Rick Fienberg / TravelQuest International / Wilderness Travel
Total solar eclipse on March 9, 2016
The total solar eclipse of March 9, 2016, as seen off the coast of Indonesia. This sequence runs from upper right to lower left. During the partial phases before and after totality, the camera lens was covered by a safe solar filter. No filter was used during totality, which is about as bright as the full Moon and just as safe to look at.
Total lunar eclipse of 2014
A total lunar eclipse occurs when the Moon passes into the Earth’s shadow. In this image from a 2014 total lunar eclipse, you can see the Moon often turns a reddish color during the lunar eclipse because some of the red wavelengths of light make it through the Earth’s atmosphere to illuminate the Moon, like lots of simultaneous Sunsets. The bright star to the right is Spica.
As seen from the Earth, a solar eclipse occurs when the Moon passes in front of the Sun. In a total solar eclipse the Moon completely blocks out the Sun and those who experience a total solar eclipse are completely in the Moon’s shadow. Unlike a lunar eclipse, a total solar eclipse is only visible from a limited area: the line traced by the Moon’s shadow as it moves across the Earth. Typically this line has a width of a few tens of kilometers. Thus one must either be very lucky, or one must travel to see a total solar eclipse. A partial solar eclipse, which occurs over a much broader area occurs when the Sun is only partially blocked by the Moon.

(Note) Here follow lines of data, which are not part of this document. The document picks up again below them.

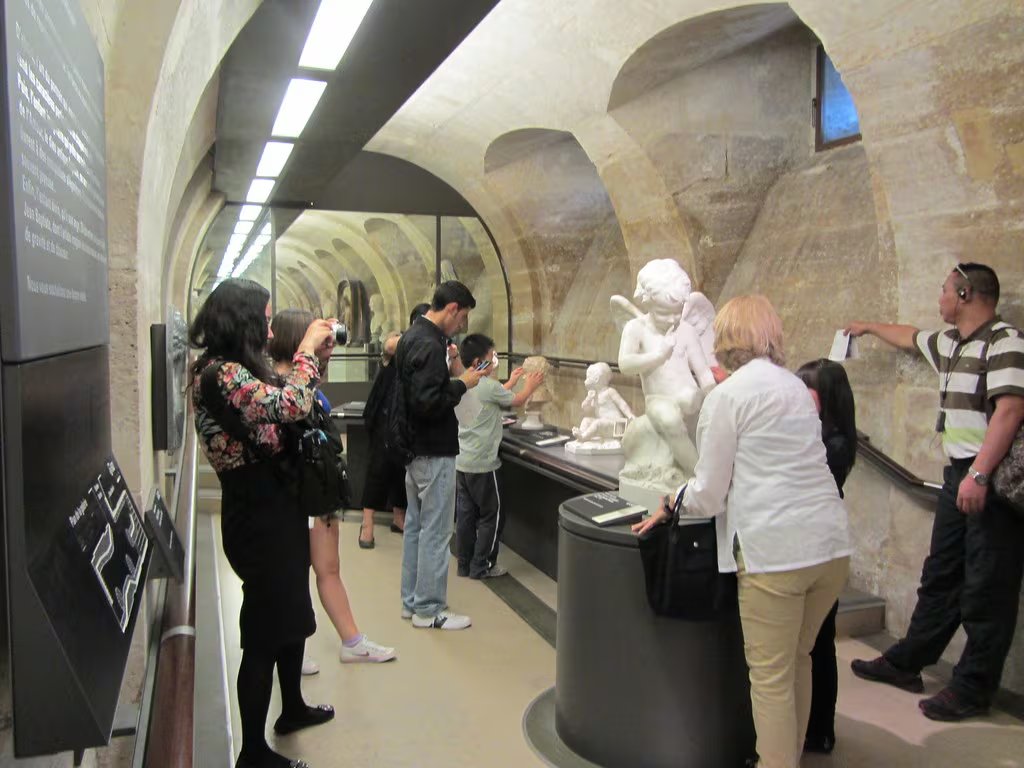 Un grupo de personas recorre la galería adaptada con esculturas e itinerarios táctiles en el Museo del Louvre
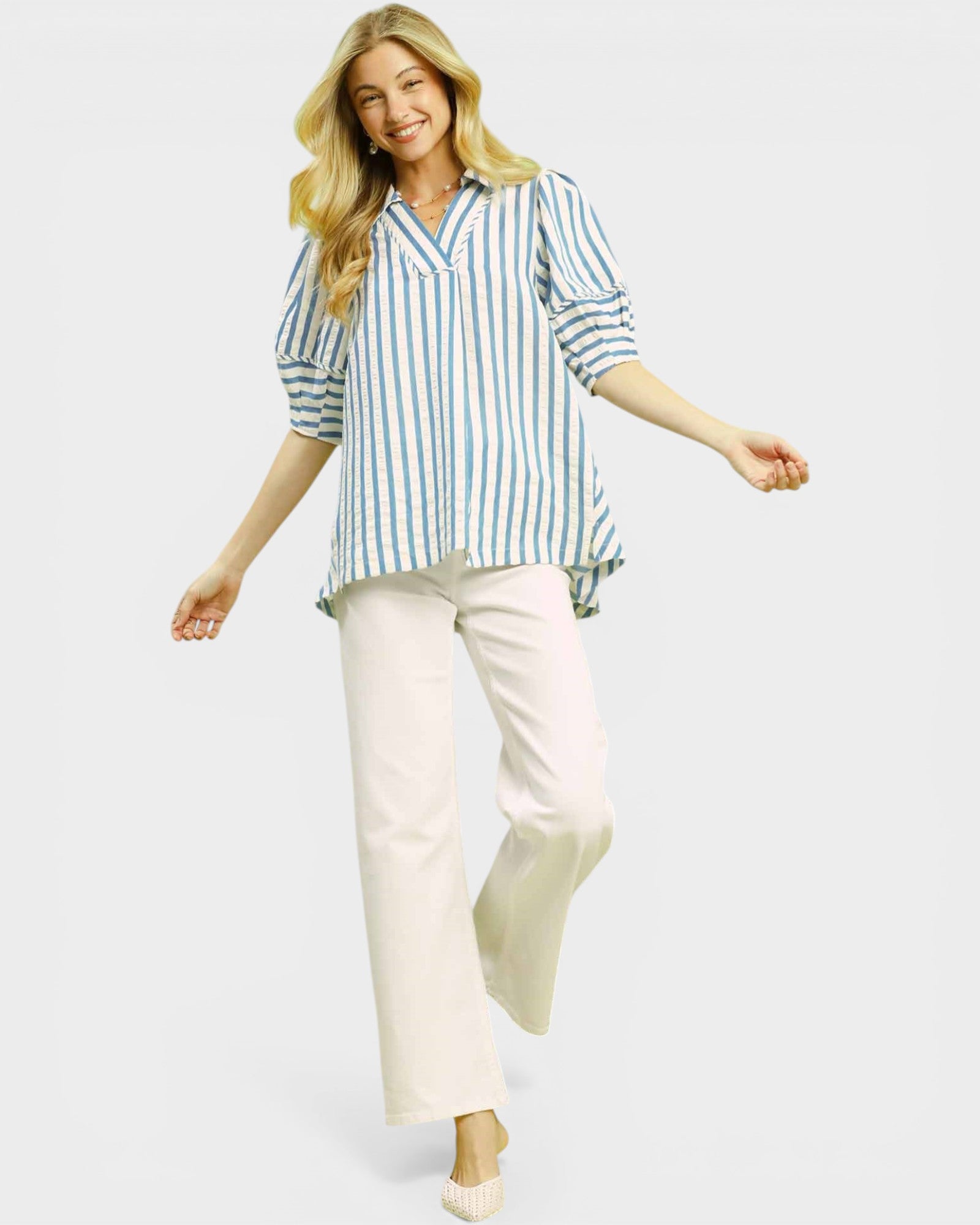 Woman wearing a striped shirt and white pants on a light gray background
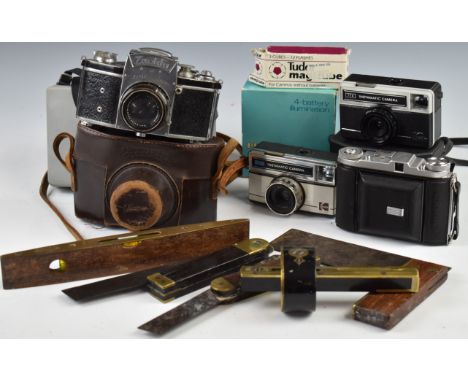 Cameras and woodworking tools including Exakta II 35mm SLR with 1:2 f=5.8cm lens, Balda folding camera, Kodak 277X, Polaroid 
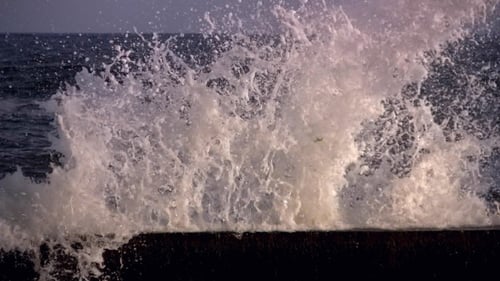Powerful Waves Crashing Against Concrete Sea Wall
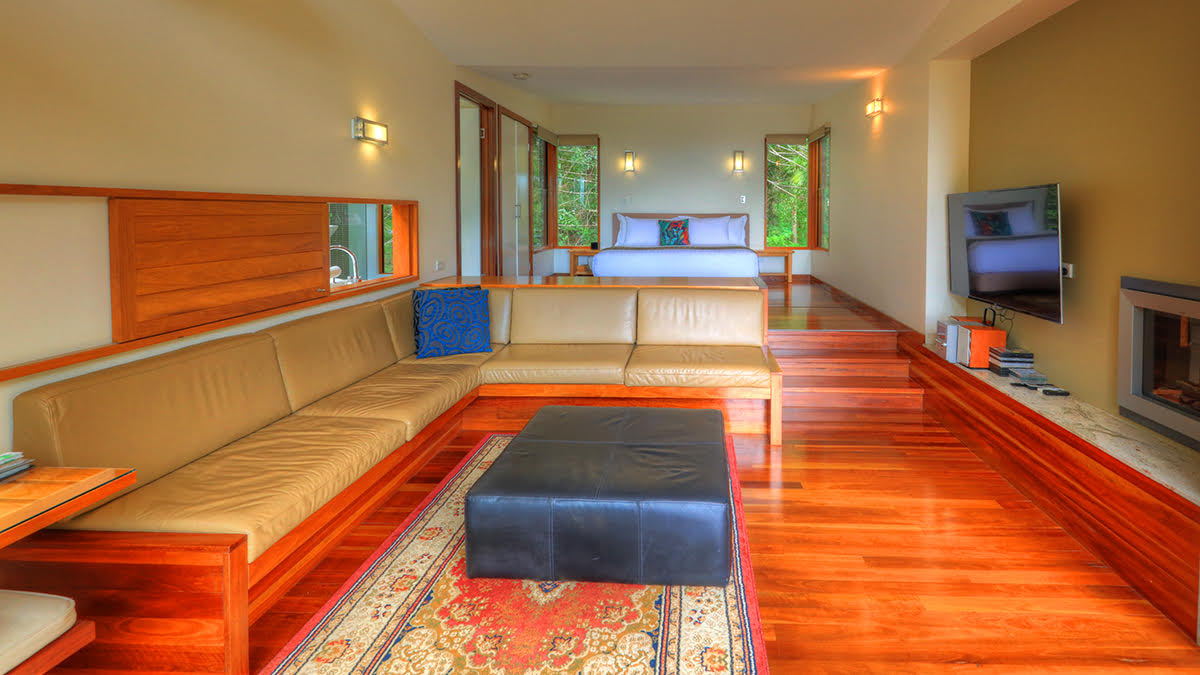 Montville accommodation living room with fireplace and timber floors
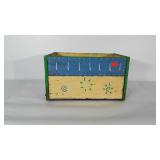 Painted wooden crate. Measures 18x10x12 inches.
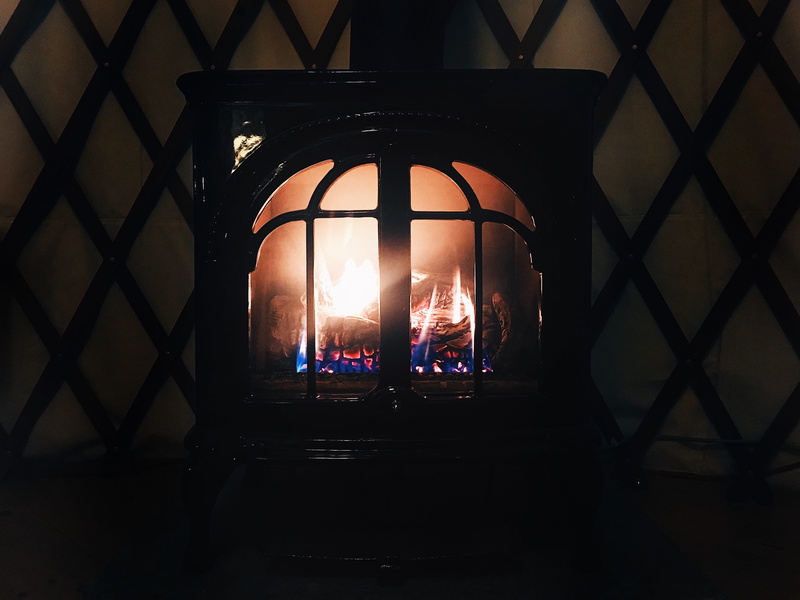 lighting equipment, wall - building feature, fire, stove, metal, building, indoors, warm, architecture, flame, wood, wood burning, hot, electric lamp, burning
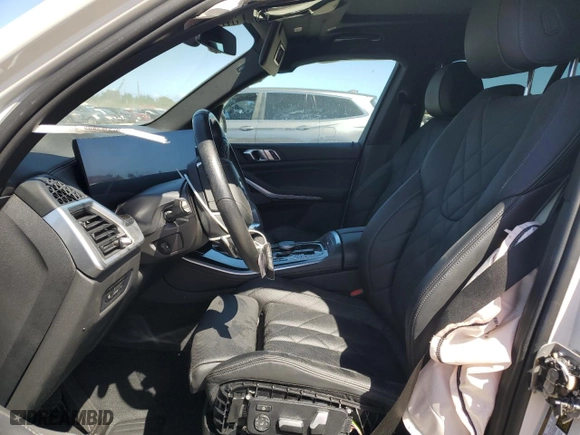 2024 BMW X5 sDrive40i with VIN 5UX13EU00R9S43348, listed as a Copart auction lot 49572065 with 0 mi miles and Salvage Title. Bid and sale history available at carsss.com. Image 7.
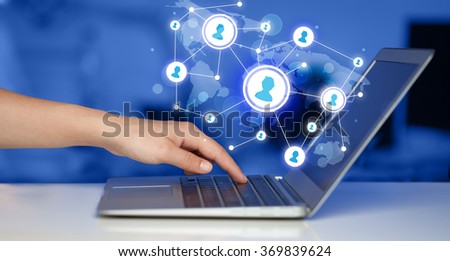 Close up of hand with laptop and social media network icons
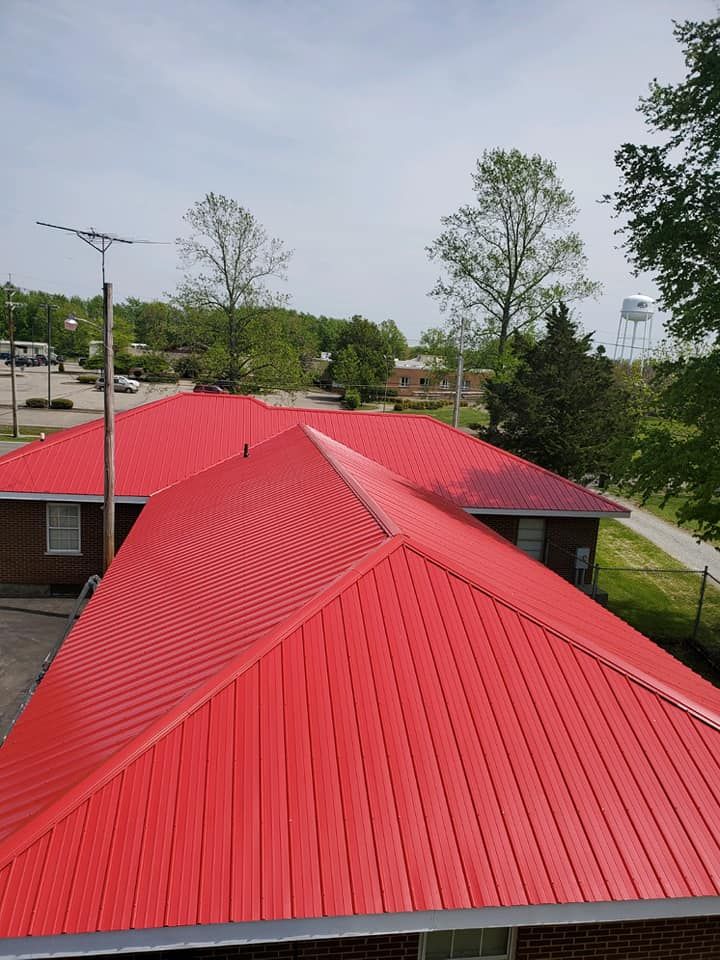 A red roof with a water tower in the background
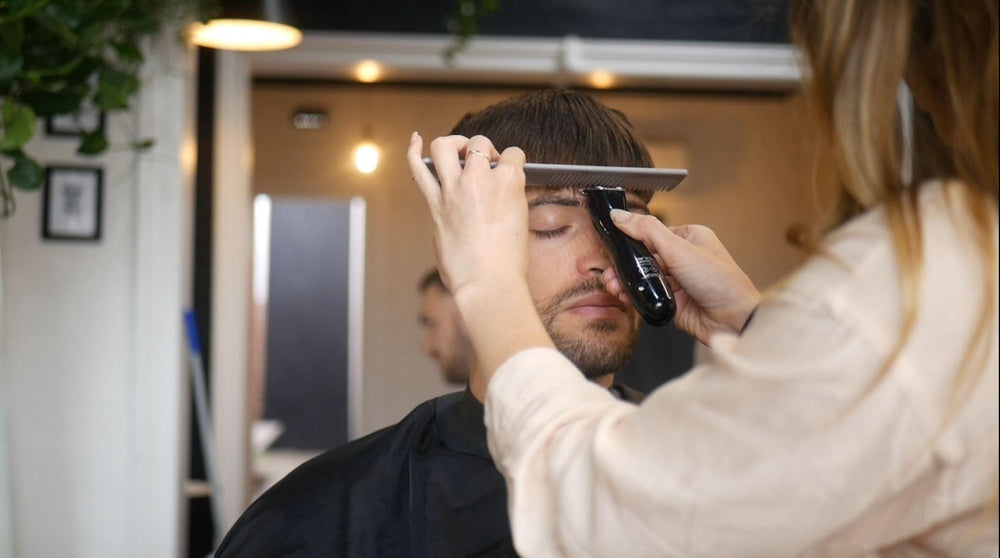 Andis Slimline Pro Li Trimmer with four attachment combs for length options.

Geometry of a total solar eclipse
The general geometry of a solar eclipse at one point in time, not to scale. People in the umbral shadow of the Moon will see a total eclipse and those in the penumbral shadow will see a partial eclipse.
Why don’t we have a solar eclipse every time the Moon is new, so between the Sun and the Earth, or a lunar eclipse every time the Moon is full, so the other side of the Earth from the Sun? The reason is because the Moon’s orbit is tilted 5° compared to the plane of the Earth’s orbit. Thus the Moon only can cause these eclipses when those two planes approximately intersect. This occurs twice a year, and there are at least two solar eclipses of one kind or another each year. However, because the area affected is limited, particularly for total eclipses, people often travel great distances to witness them.
Partial solar eclipse of 23 October 2014
A partial eclipse of the Sun in 2014 as seen from Southern California. Notice there are sunspots visible as well. This picture was taken with an SLR camera with a special solar filter.
Even though there are at least two solar eclipses per year, there are not necessarily two total solar eclipses per year. That is because both the Moon’s orbit and the Earth’s orbit are somewhat elliptical, noncircular. Thus, the distances between the Earth the Moon and the Sun vary from eclipse to eclipse causing the angular diameters of the Moon and the Sun to vary from eclipse to eclipse. So, in addition to total eclipse when the Moon’s angular diameter is at least as large as the Sun’s angular diameter, there are also eclipses where even though the Moon is centered relative to the Sun, it does not appear large enough to cover the entire Sun. This is referred to as an annular eclipse because of the annulus or circle of Sun that surrounds the Moon as seen from Earth. Because the Earth is round there is a third permutation called a hybrid eclipse where from some locations on Earth the eclipse appears total, and in other locations that are slightly farther from the Moon, it appears as annular. The result of all of this geometry is that a total solar eclipse for any given location is very rare.
Eclipses in History
In history, eclipses have been taken as everything from portents of doom to portents of peace. Some ancient empires believed them to be signs of bad fortune for their rulers. Others interpreted them differently. The ancient Greek historian Herodotus wrote that an eclipse that occurred during a battle between the Medes and the Lydians caused both sides to put down their weapons and declare peace.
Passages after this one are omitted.